What needs to be done:
From the line that holds "Lâmpada decorativa Paladone Espada Minecraft" to the end of the records, reproduce every line exactly. No pictures.

+++

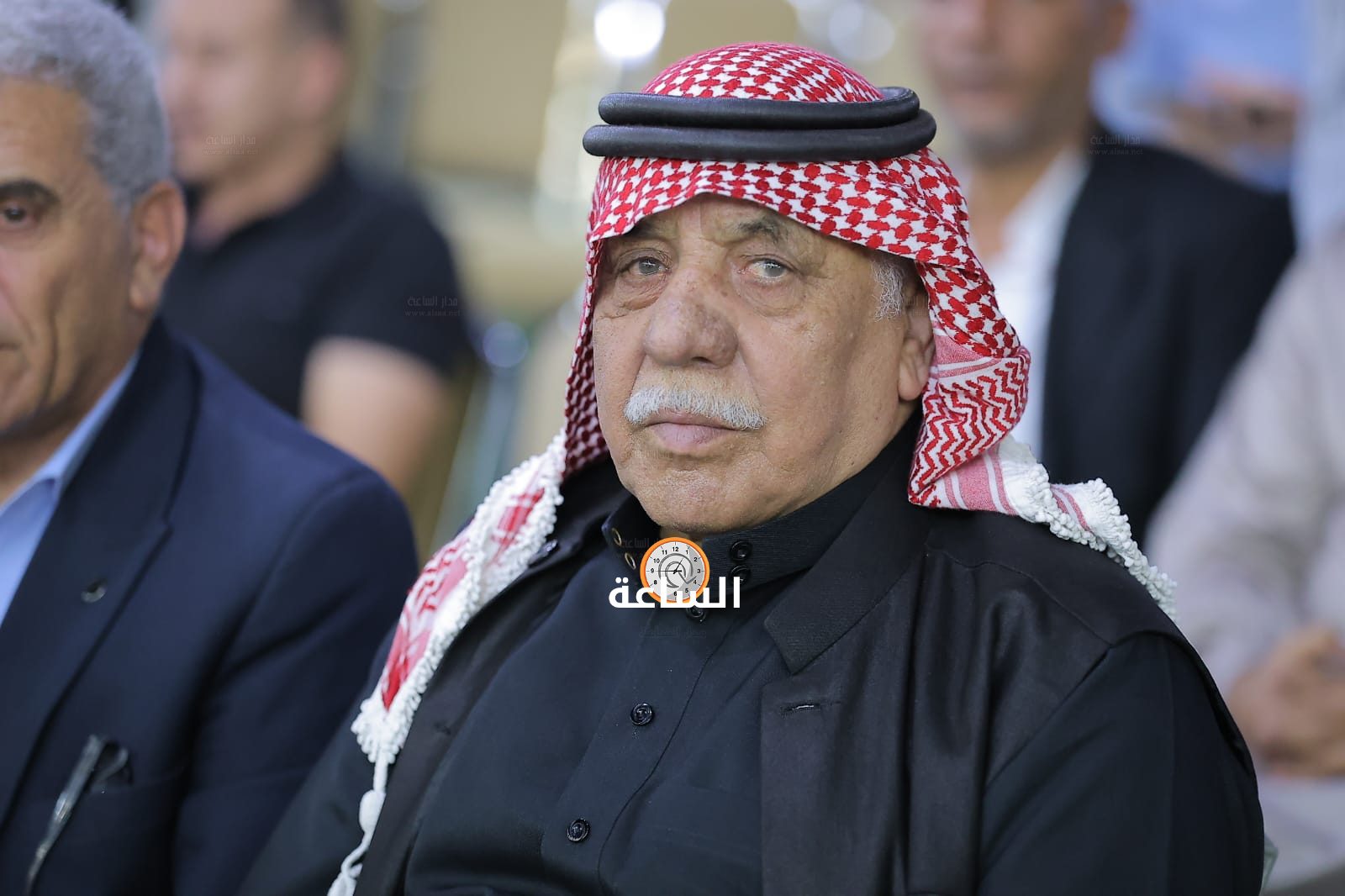Madar Al-Saa Images 0.19188853074613899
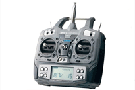 6ти канальна апарати. з комплектом ALL (Hitec, PN15840)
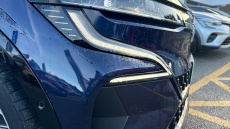 Renault Megane E-Tech EV60 160kW Techno+ 60kWh Optimum Charge 5dr Auto Electric Hatchback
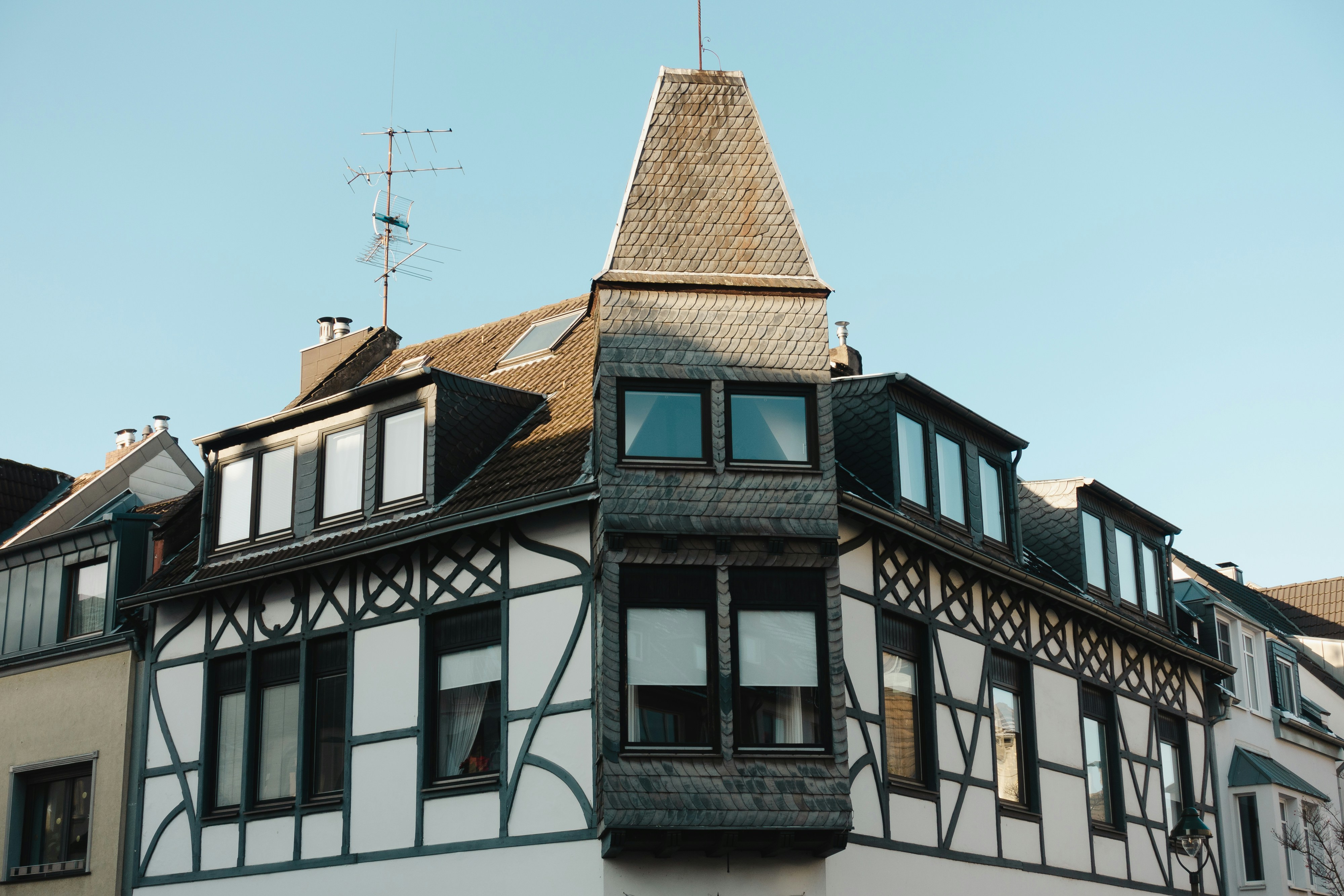 Photo by markuswinkler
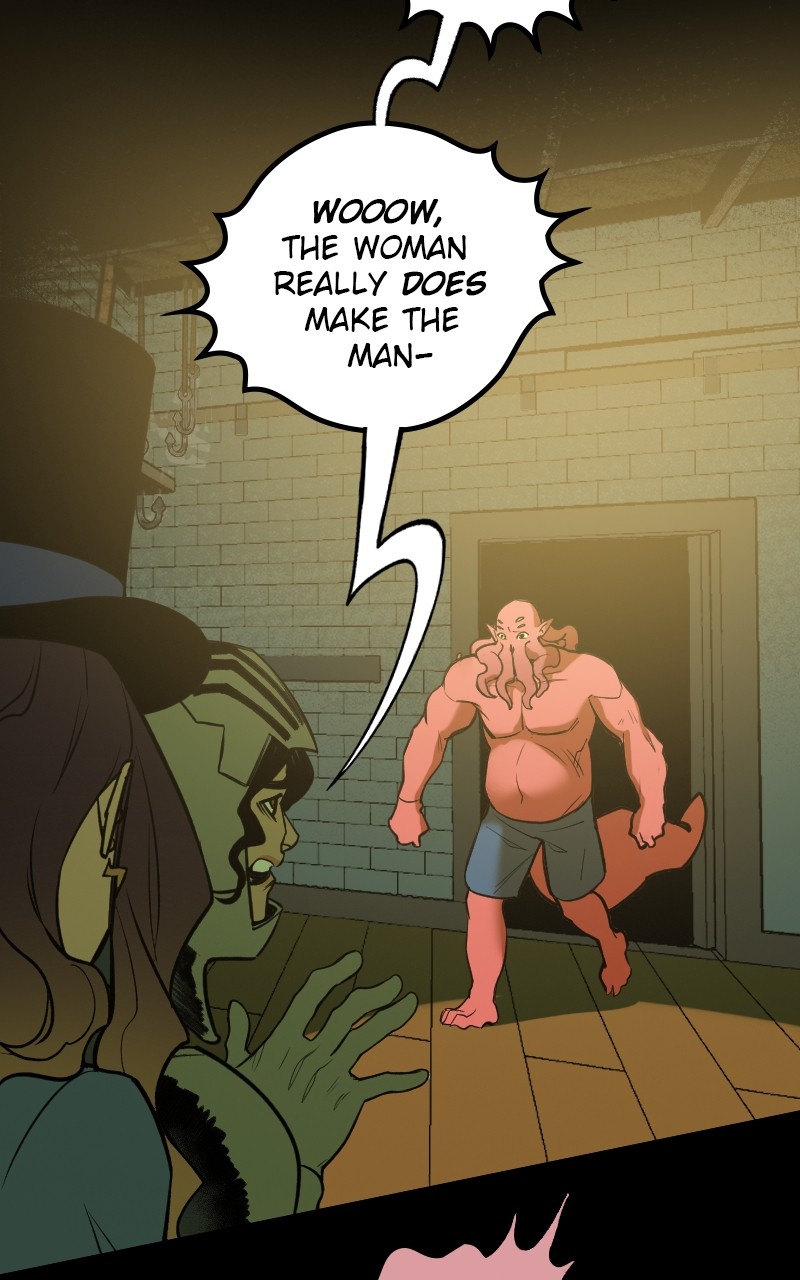 Zatanna & the Ripper Chapter 39 - page 86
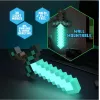 Lâmpada decorativa Paladone Espada Minecraft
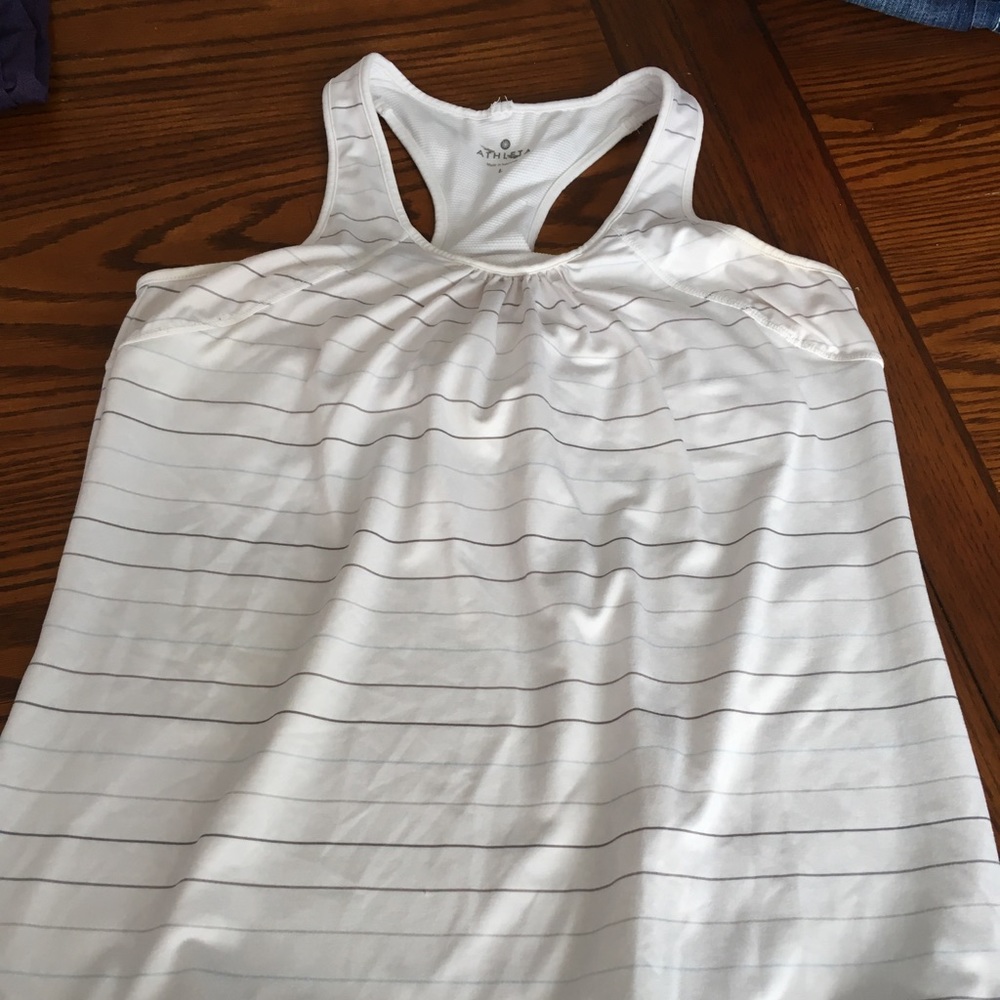 Athleta Tinker Tank Size Large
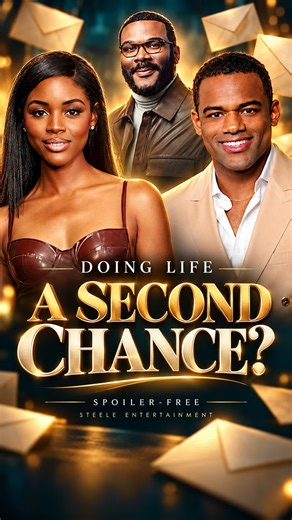 Tyler Perry’s Doing Life: Before You Watch
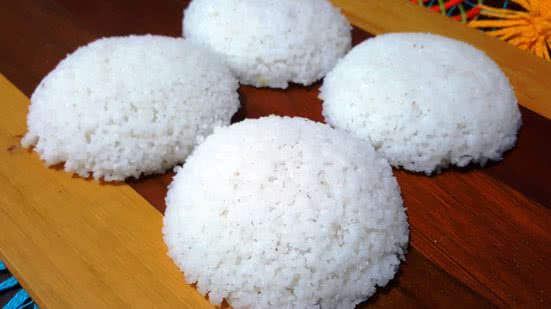 Imagem Cuscuz do Biu, o melhor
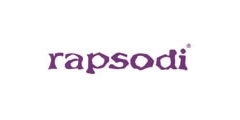 Rapsodi Logo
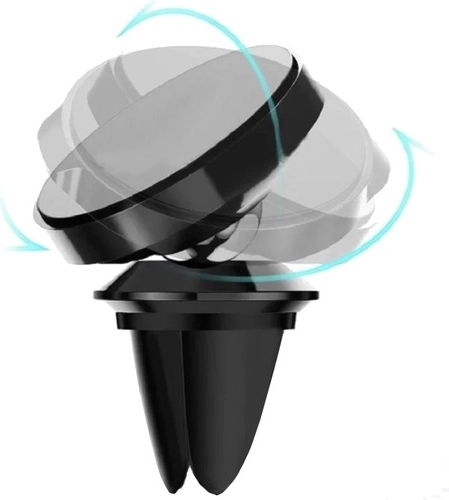 Réglage de la position : rotation à 360° et inclinaison à 90°
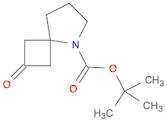 tert-butyl2-oxo-5-azaspiro[3.4]octane-5-carboxylate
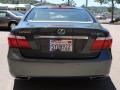 2007 LS 460 #6
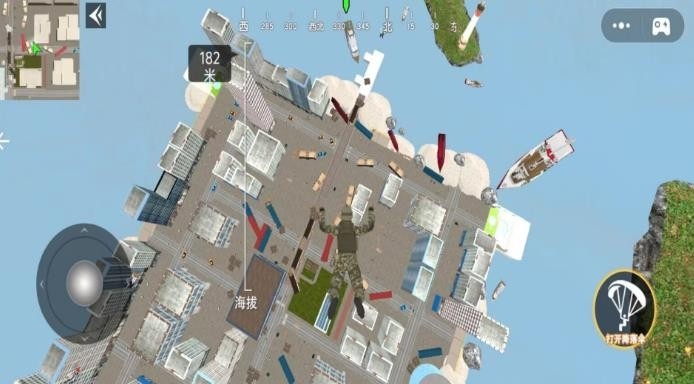 特别反恐战争 app下载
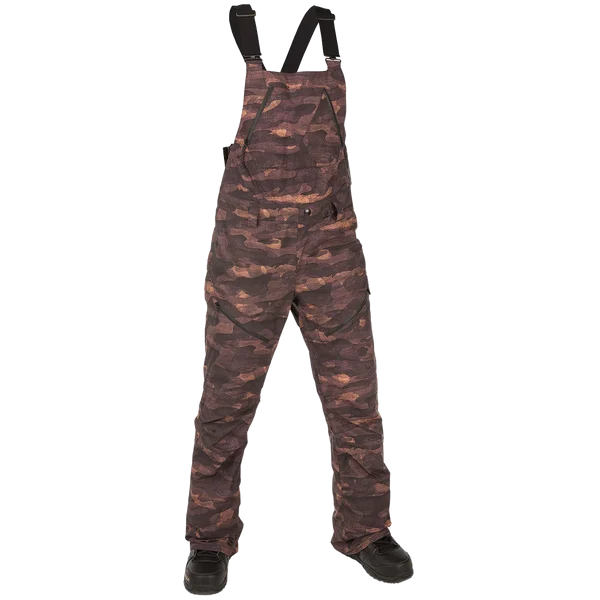 Women's Elm Stretch Gore-Tex Bib Overall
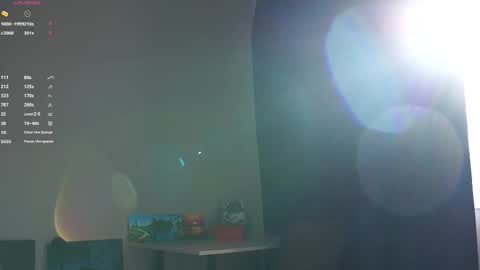 Melissa online show from February 17, 2026, 11:29 am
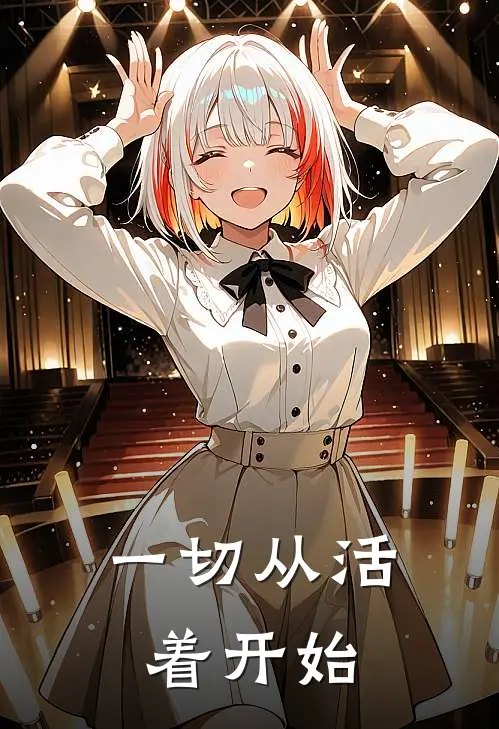 一切从活着开始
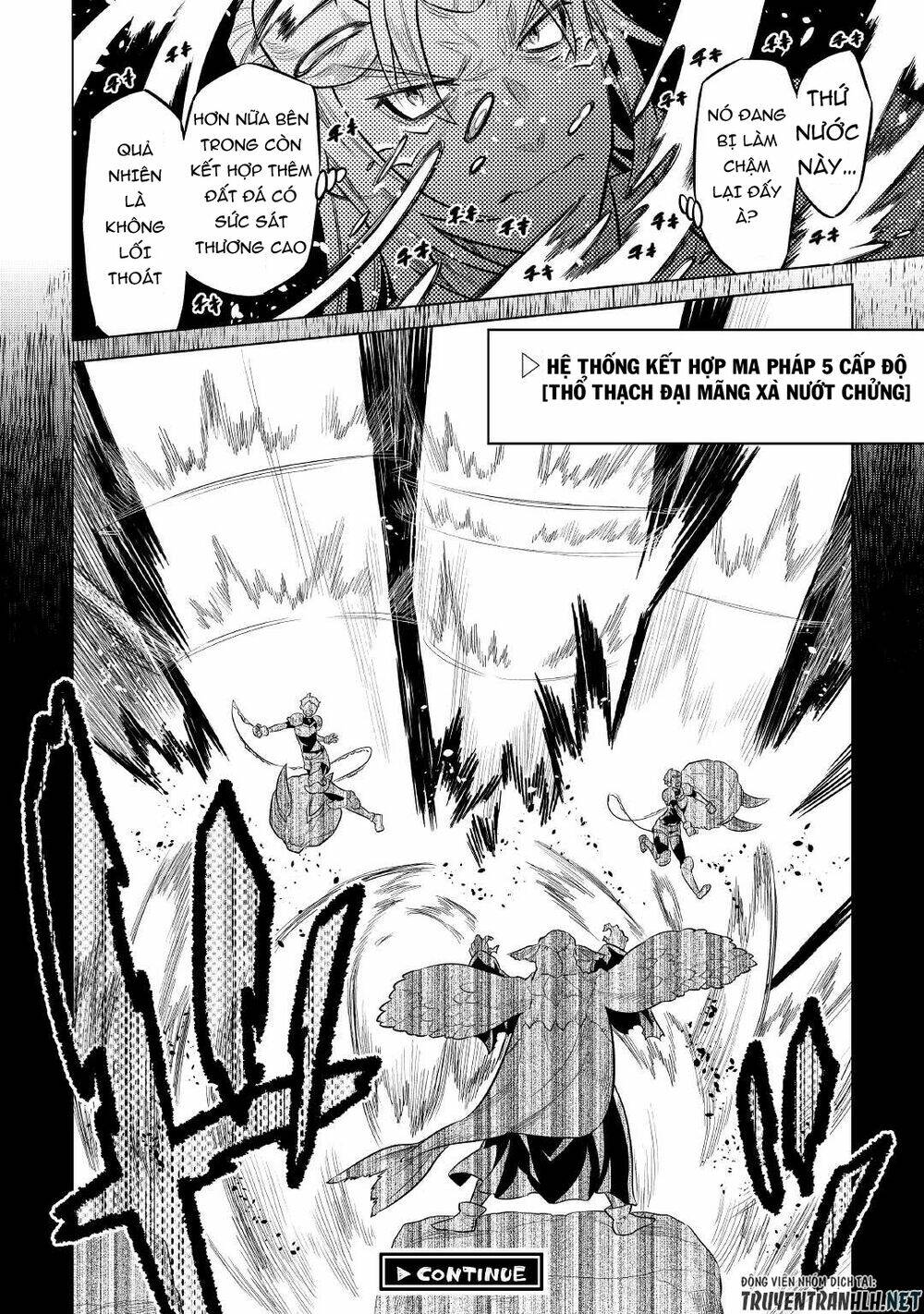 Re:monster - Chương 71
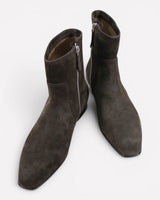 Pomme dor Stiefeletten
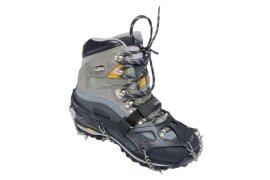 Antislipzolen Treksport Ice grip light S (35-37) 3
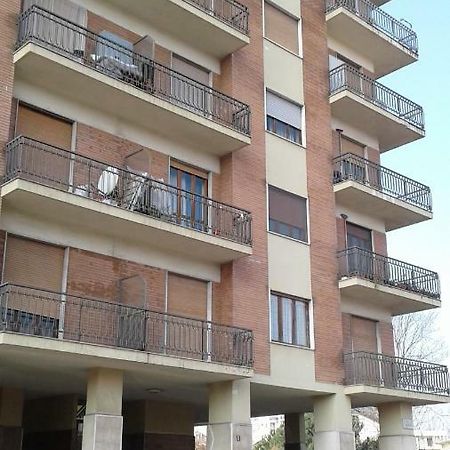 stadium Apartamento Turín Exterior foto
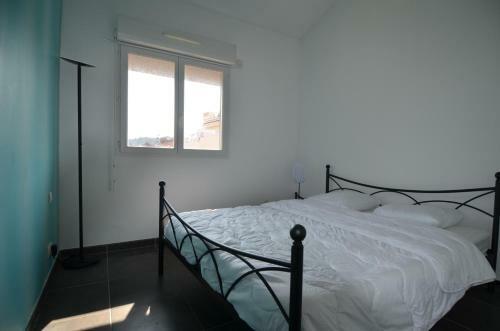 Apartamento Appartement Duplex 4 Personnes Quartier Riquier Nice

+++

Response:
 Lâmpada decorativa Paladone Espada Minecraft
 Athleta Tinker Tank Size Large
 Tyler Perry’s Doing Life: Before You Watch
 Imagem Cuscuz do Biu, o melhor
 Rapsodi Logo
 Réglage de la position : rotation à 360° et inclinaison à 90°
 tert-butyl2-oxo-5-azaspiro[3.4]octane-5-carboxylate
 2007 LS 460 #6
 特别反恐战争 app下载
 Women's Elm Stretch Gore-Tex Bib Overall
 Melissa online show from February 17, 2026, 11:29 am
 一切从活着开始
 Re:monster - Chương 71
 Pomme dor Stiefeletten
 Antislipzolen Treksport Ice grip light S (35-37) 3
 stadium Apartamento Turín Exterior foto
 Apartamento Appartement Duplex 4 Personnes Quartier Riquier Nice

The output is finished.